The National Mining Hall of Fame and Museum is a federally chartered memorial for men and women who have achieved lasting greatness in the mining industry and related fields. Inductees to the National Mining Hall of Fame are selected by the museum's board of governors. A candidate must have made significant contributions to the American mining scene. Consideration is given to prospectors, miners, mining leaders, engineers, teachers, financiers, inventors, journalists, rascals, geologists and others. Notable honorees include Georgius Agricola, Janet Zaph Briggs, Gertrude Selma Sober, Meyer Guggenheim, Herbert Hoover, James M. Hyde, Ed Schieffelin, Harrison Schmitt, Paddy Martinez, Horace Tabor, Fred Chester Bond and Edmund J. Longyear, founder of Boart Longyear.

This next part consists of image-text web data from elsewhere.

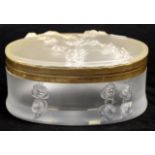 Lalique France "Coppelia" oval trinket box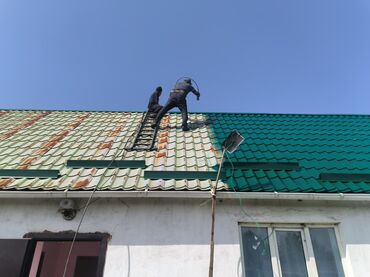 помощник кондитера бишкек: Покраска крыши фасад, ворот ангар, больших территорий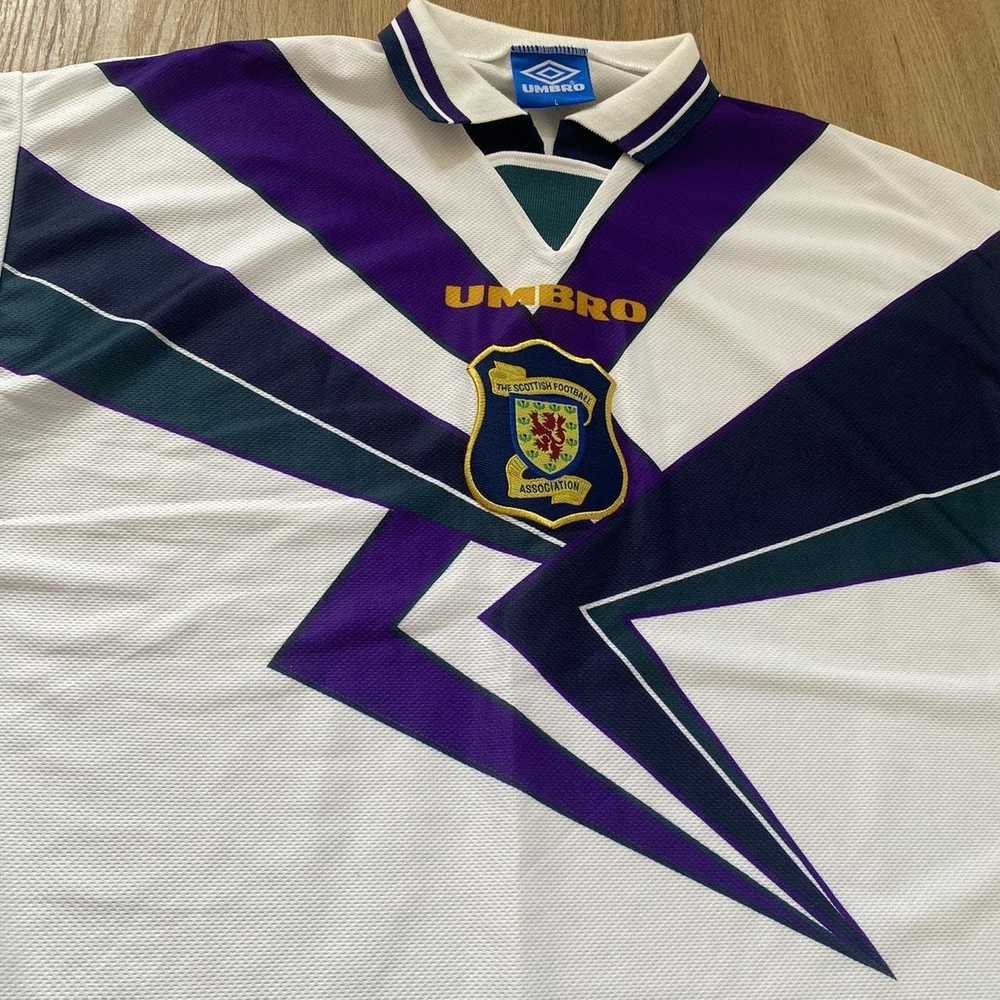 Umbro 1995-96 Scotland Away Football Shirt Umbro … - image 3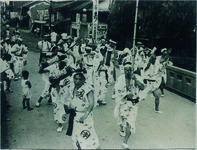 脇町の阿波踊り　四電連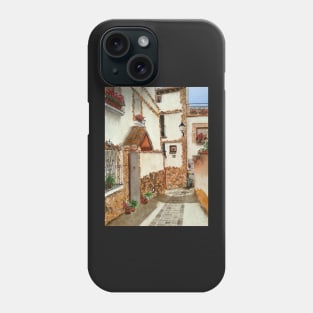 White houses on the Camino de Santiago Phone Case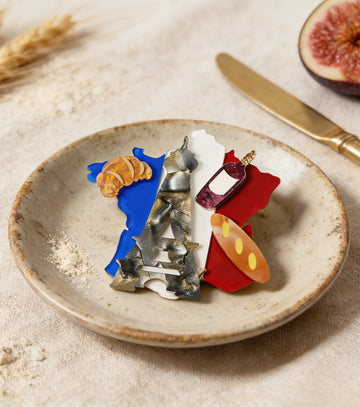 "I Want It All" France Brooch For European Cultural tourism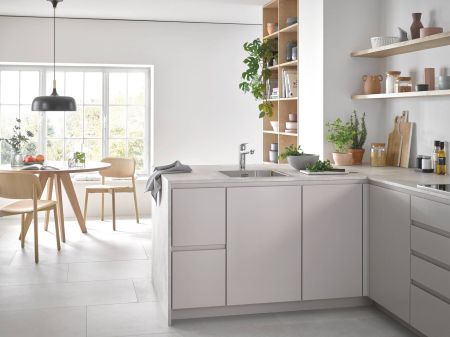 Смеситель для кухни GROHE Eurosmart 2021, средний излив, хром (30463000), артикул 30463000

The Hall of Fame is criticized by James Loewen in his book Lies Across America for over emphasis on scientists, mining executives, and owners of vast mining properties. He states that "Only fourteen people - 12 percent of the total - represent individual miners, prospectors and explorers, politicians, labor leaders, philanthropists, and all others." The people commemorated are predominantly white Anglo-Saxon Protestant men, while historically mining has been one of America's most multicultural occupations. Loewen also criticizes the museum for its lack of any kind of memorial dedicated to the thousands and thousands who have lost their lives laboring in the coal mines. Social, labor, safety, and environmental issues related to coal mining are now explored in "Buried Sunlight: Coal Mining in America," an exhibit that opened in 2017.